PROBLEM TO WORK ON: Copy out exactly, from the entries that follow, the line holding "Carrara, Light Green", the line holding "ferenc szilard business card", and all lines between them, but no pictures.
Start of Block
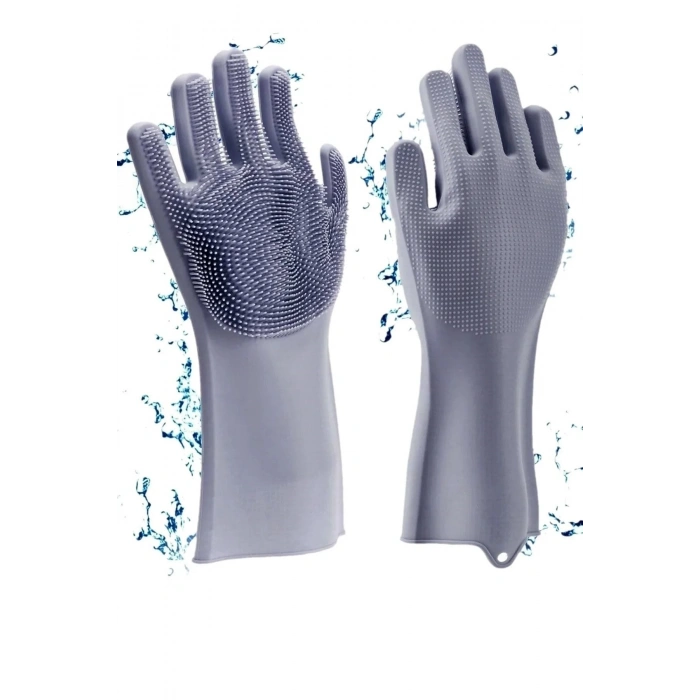 ilikon Bulaşık Yıkama Eldiveni Tencere Tava Lavabo Ovma Tırtıklı Mutfak Temizlik Eldiveni 2li Eldiven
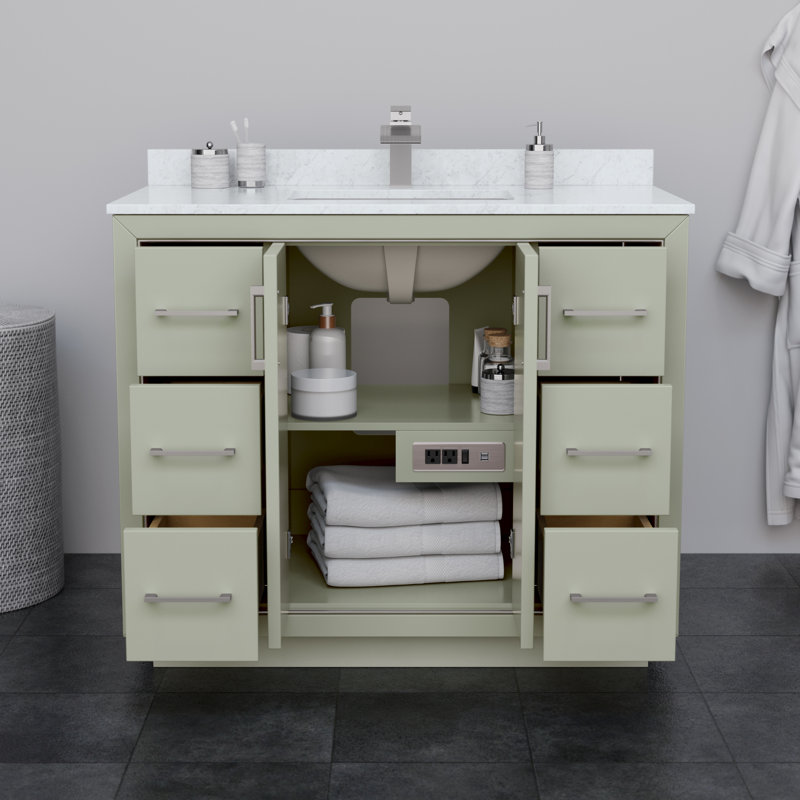 Icon 42" Single Bathroom Vanity Set with Mirror, Brushed Nickel, Carrara, Light Green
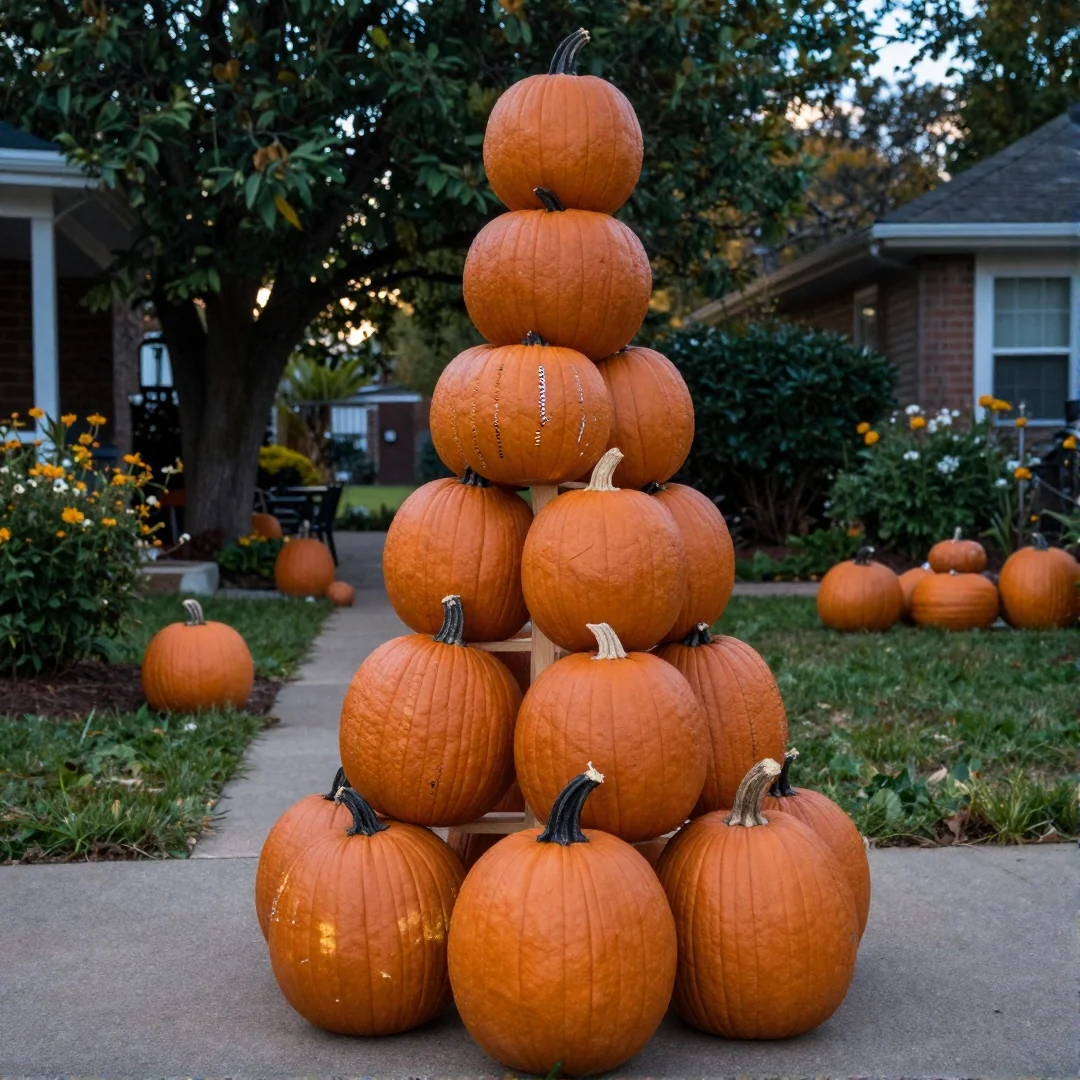 Pumpkin Stack Tower - 19 spooky halloween outdoor ideas to transform your yard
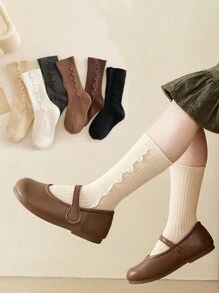 1 双蕾丝边婴儿/儿童袜子，柔软透气保暖蕾丝婴儿袜子，学生及膝袜，幼儿室内防滑袜子，适合日常穿着 - 彩色 - 查看 11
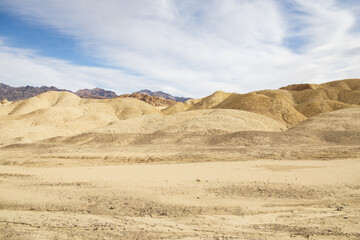 Fototapeta na wymiar Rock formations at 20 Mule Team Canyon at Death Valley National Park, California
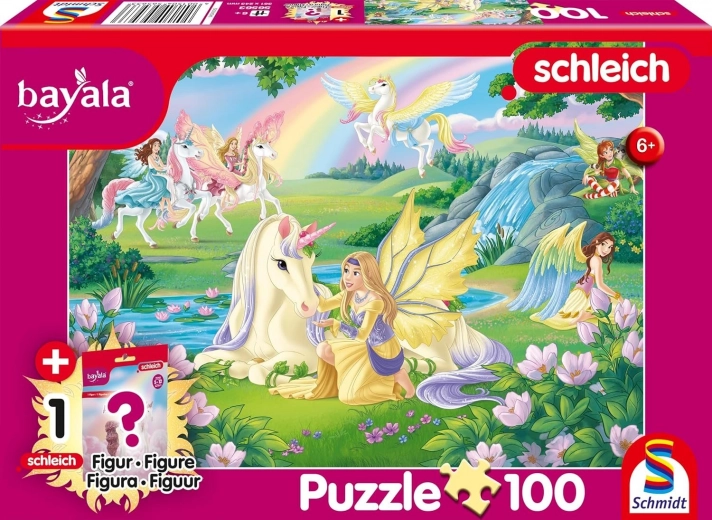 Puzzle Bayala: maģiskie vienradži 100 detaļas ar SCHLEICH figūriņu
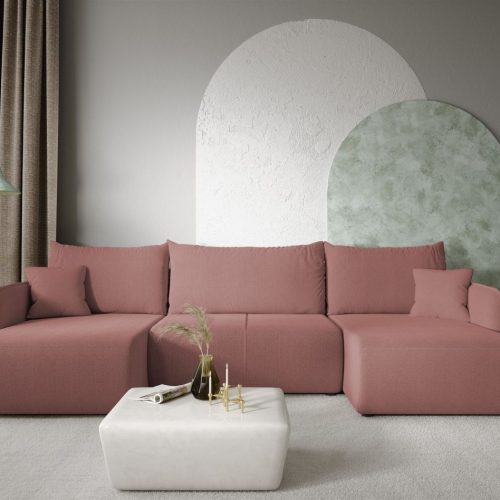 Wohnlandschaft Sofa Mit Schlaffunktion Calgary Stoff Curio Rose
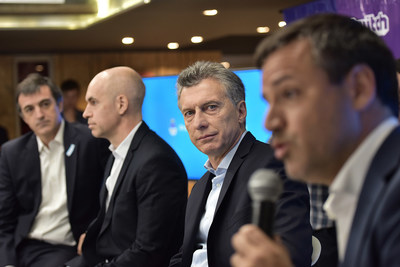 (L-R)Minister for Education and Sports, Esteban Bullrich; the Head of Government of Buenos Aires City, Horacio Larreta, President of the Argentine Nation, Eng. Mauricio Macri and CEO at IMS, Gaston Taratuta.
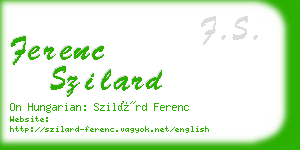 ferenc szilard business card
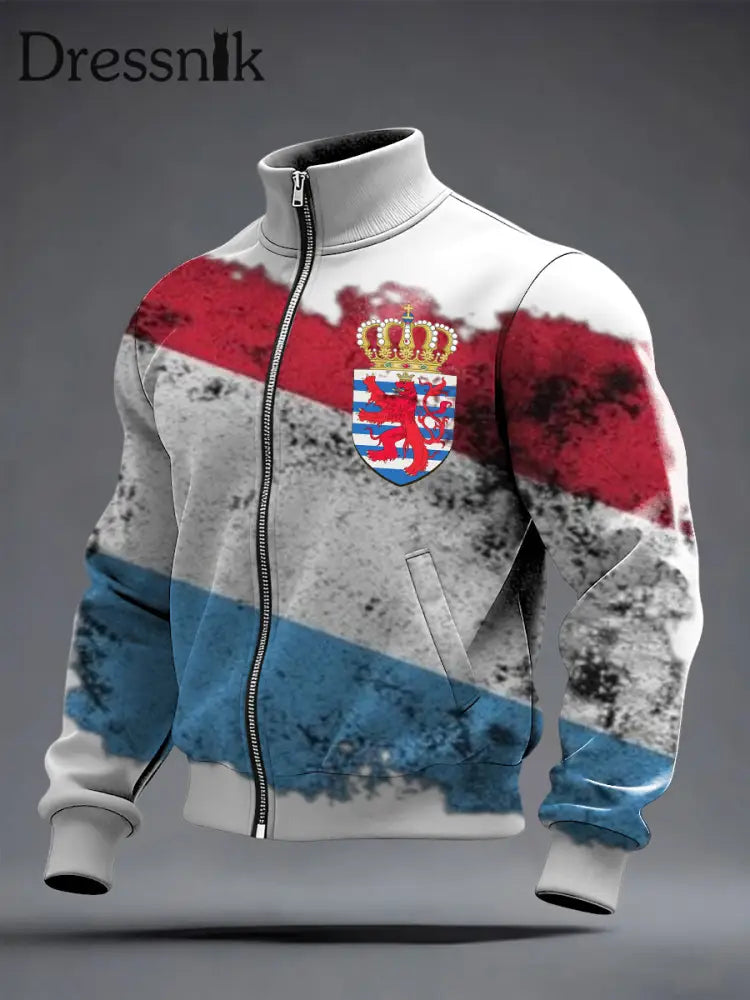 Herren Distressed Luxembourg Flag & Crest Jacke mehrfarbig / S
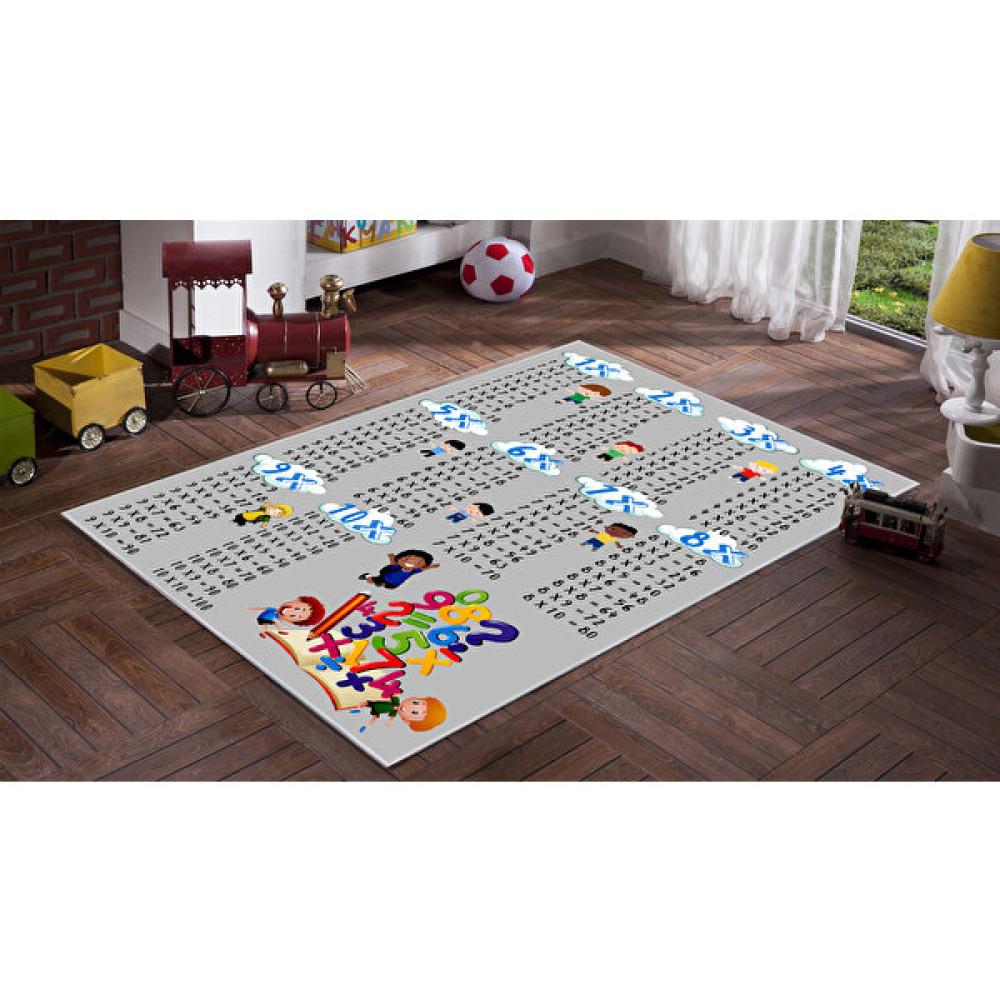 Artizon Tekstil Artızon Halı ART-C-017 Beyaz Taban Dekoratif Kilim Ince Yıkanabilir Süngerli Dot Taban Çocuk Halısı - Gri - 120 x 180 cm Bebek Odası Halı Fiyatı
End of Block
WRITTEN RESPONSE:
 Icon 42" Single Bathroom Vanity Set with Mirror, Brushed Nickel, Carrara, Light Green
 Pumpkin Stack Tower - 19 spooky halloween outdoor ideas to transform your yard
 1 双蕾丝边婴儿/儿童袜子，柔软透气保暖蕾丝婴儿袜子，学生及膝袜，幼儿室内防滑袜子，适合日常穿着 - 彩色 - 查看 11
 Fototapeta na wymiar Rock formations at 20 Mule Team Canyon at Death Valley National Park, California
 Puzzle Bayala: maģiskie vienradži 100 detaļas ar SCHLEICH figūriņu
 Wohnlandschaft Sofa Mit Schlaffunktion Calgary Stoff Curio Rose
 (L-R)Minister for Education and Sports, Esteban Bullrich; the Head of Government of Buenos Aires City, Horacio Larreta, President of the Argentine Nation, Eng. Mauricio Macri and CEO at IMS, Gaston Taratuta.
 ferenc szilard business card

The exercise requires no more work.